Hi. We are thinking of enabling Jumbo frames on a VSAN vmKernel port (MTU change 1500 to 9000).
Currently we have a 3 node VSAN Cluster that has the ESXi vmKernel VSAN ports set up on 1500. The idea is to change this on each host to enable Jumbo frames (the change has already been made on the physical switches, for the corresponding vmnics (uplinks) and the vDS that has the vmKernel portgroup set up).
The VSAN cluster and vsandatastore has already been set up, and cosequently it has already a number of VMs and vShield Edges (total: 191) running.
We would like to determine impact on making this change.
(Because this change has to be made on a per host basis, we will first changing the value on one host after the other. This means that up until all hosts have the correct MTU value they will be as a group in a inconsistent status. Will we be experiencing vsandatastore disconnection?)
Would it be recomended to power of all VMs before making this change (they all have a VSAN Storage policy of host fault tolerance = 1)?
As per the Network Design document, I would ask why you are going through this exercise? Are you hoping to improve performance in some way?
This document states "Otherwise, jumbo frames are not recommended as the operational cost of configuring jumbo frames throughout the network infrastructure could outweigh the limited CPU and performance benefits."
Yes, I understand that there may be some doubts / discussion as to the overall benefits to be achieved. At the moment I don't want to get in to the discussion wether the overall benefits justify the change. We are in the process of implementing a "Best Practice". As mentioned we believe the change is only needed and will be implemented on the VSAN vmkernel ports, and end to end conectivity for these ports will be guranteed to be only the switches the vmincs are connected.
Our main concern at the moment, is the actual impact of making the change (rather than the actual results). As mentioned the VMs have a Storage Policy of FT=1, even thou this... during the actual change will some VM's loose IO access to their vmdk's?
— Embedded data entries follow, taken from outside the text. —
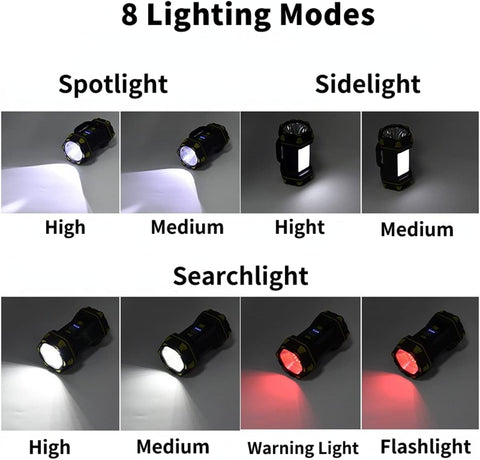 8 different lighting modes of a flashlight with labels on a white background.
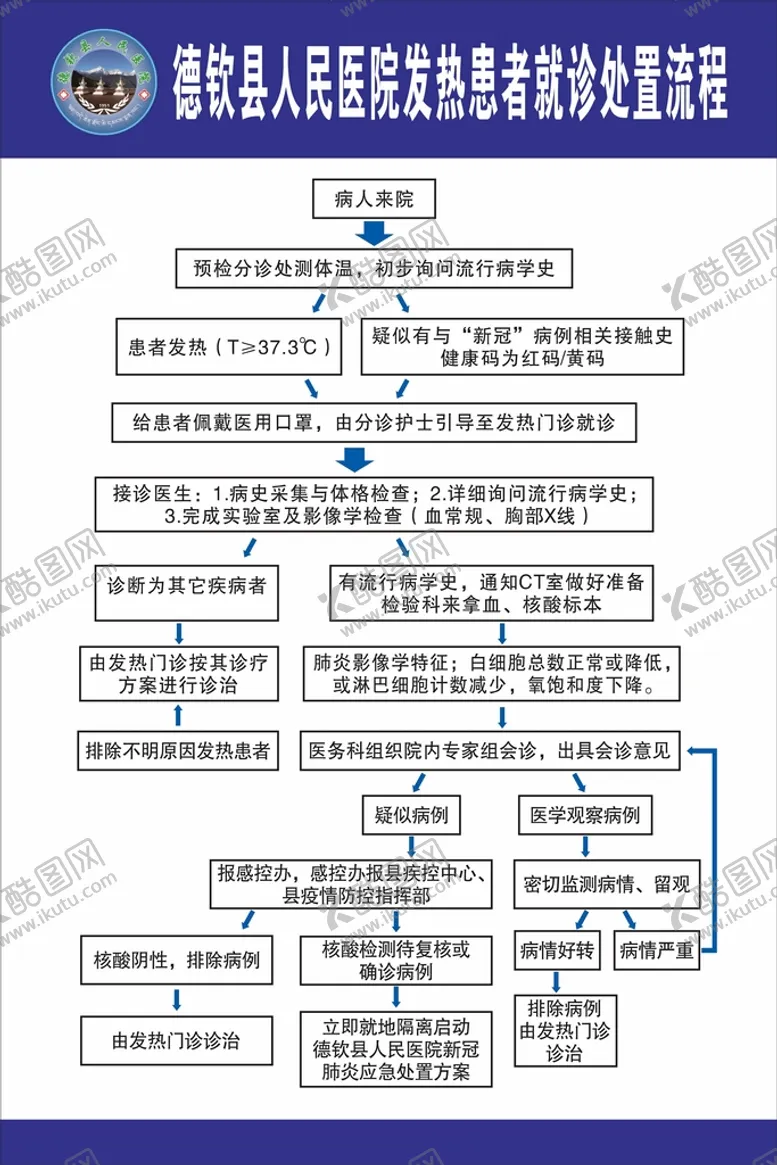 编号：48303610190854355901【酷图网】源文件下载-发热患者就诊处置流程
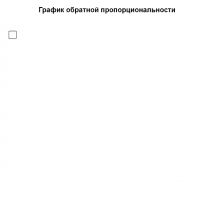 View Activity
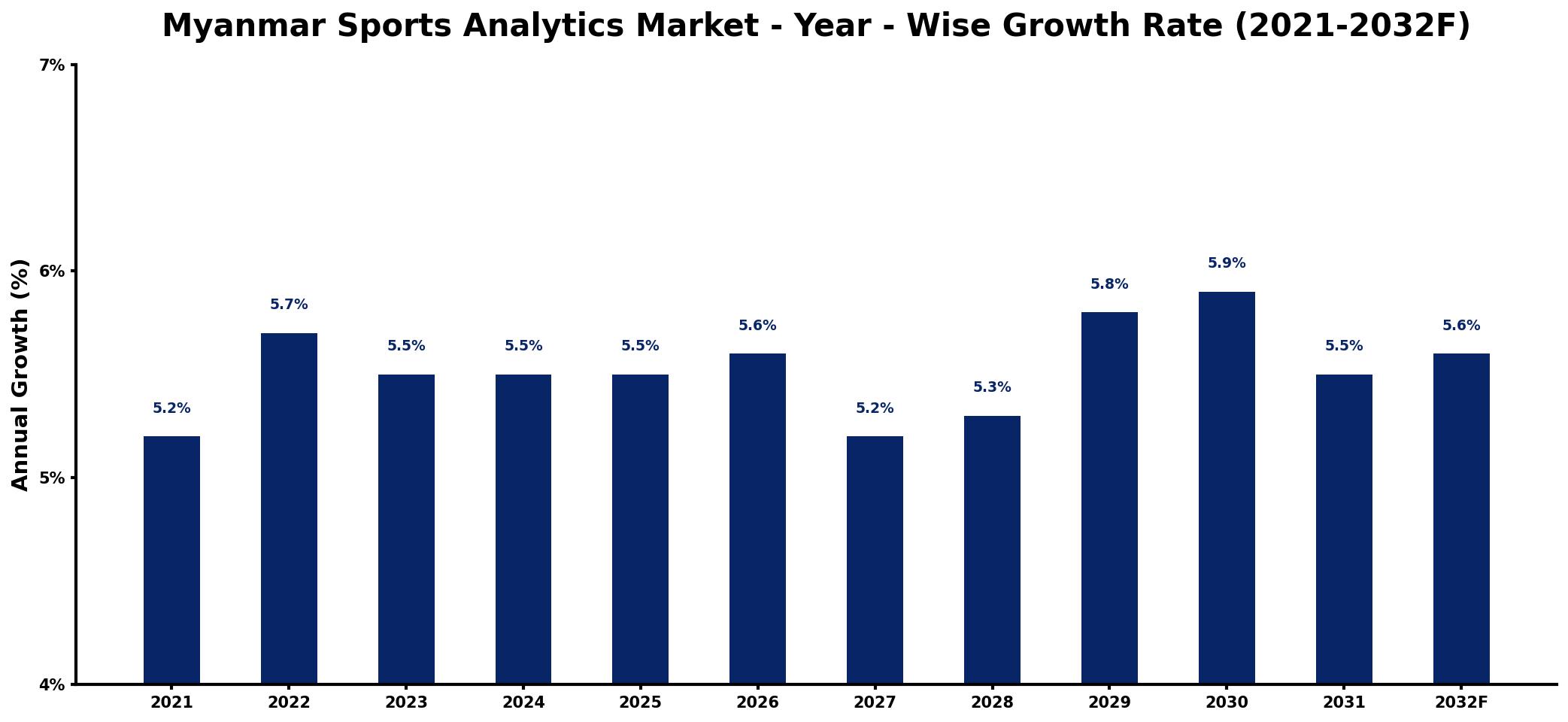 Myanmar Sports Analytics Market Year-wise Growth Rate and Key Drivers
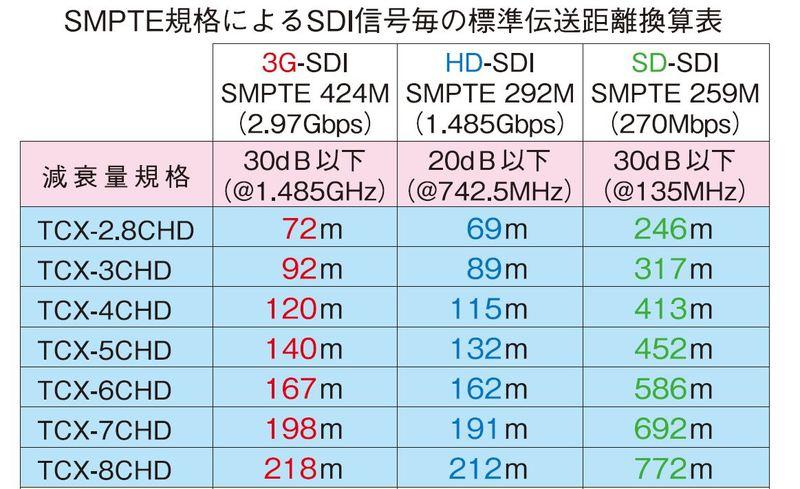 全新訂製 高品質專業級 3G-SDI HD-SDI 3CHD BNC纜線 訊號線 影像傳輸線 20米長 | 露天市集 | 全台最大的網路購物市集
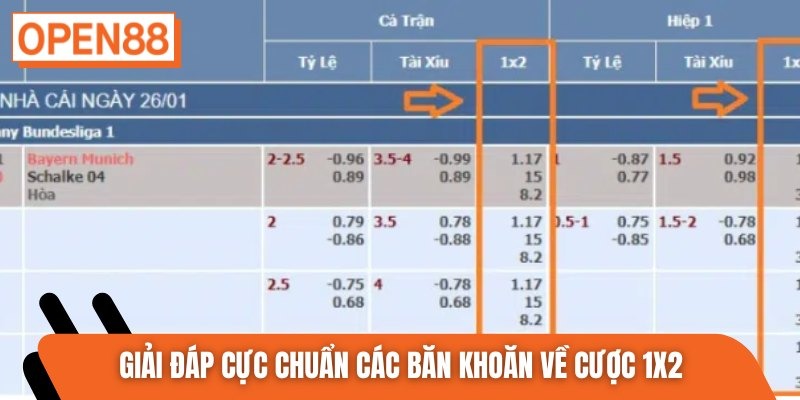Giải đáp cực chuẩn các băn khoăn về cược 1X2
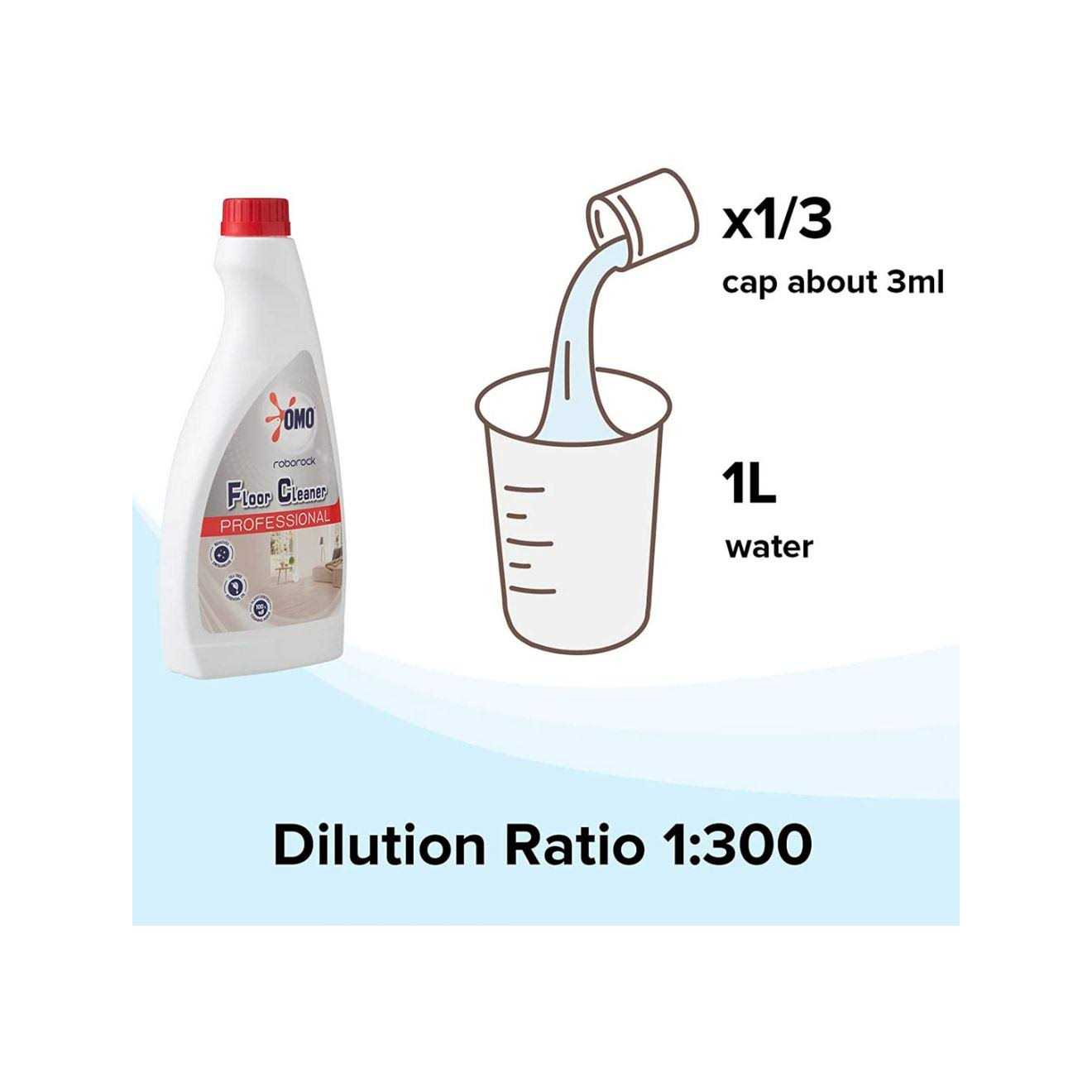 Roborock Floor Cleaning Solution for Vacuum Mops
Would this warrant power in off the VM, or will the Storage Policy guarantee IO access during the change?
I have tested this in my lab and VM objects remained accessible during the change in MTU of one of the hosts to 9000. I will do further testing, but ESXi should be able to fragment the larger packets where required, which will lead to a performance hit.
The statsDB object went inaccessible temporarily during the MTU however. The host I chose to enable for the Jumbo Frames happened to be the Master for the StatsDB (i.e. the host responsible for collecting the stats). This issue resolved itself, however, after a very short time once the election completed.
Currently, the only health check that is failing is the MTU ping test, obviously, but all data tests are passing and all objects and components remain ACTIVE.
As a matter of fact, the MTU size I chose was not supported by the virtual switch my ESXi hosts were connected to either. So, even without end-to-end support, my objects remained accessible.
Loss of communication to a single host should not cause FTT=1 Object to become inaccessible provided that they are healthy and compliant with their Storage Policy before this occurs.
However, any VMs running on a host that loses communication will become inaccessible so I would advise to vMotion all running VMs off the host being configured, then check communication (e.g. host is a vSAN-cluster member, all components still showing as state:5 / ACTIVE, Storage Policy Compliant etc.), then if all looks good, proceed to do the same on the next host.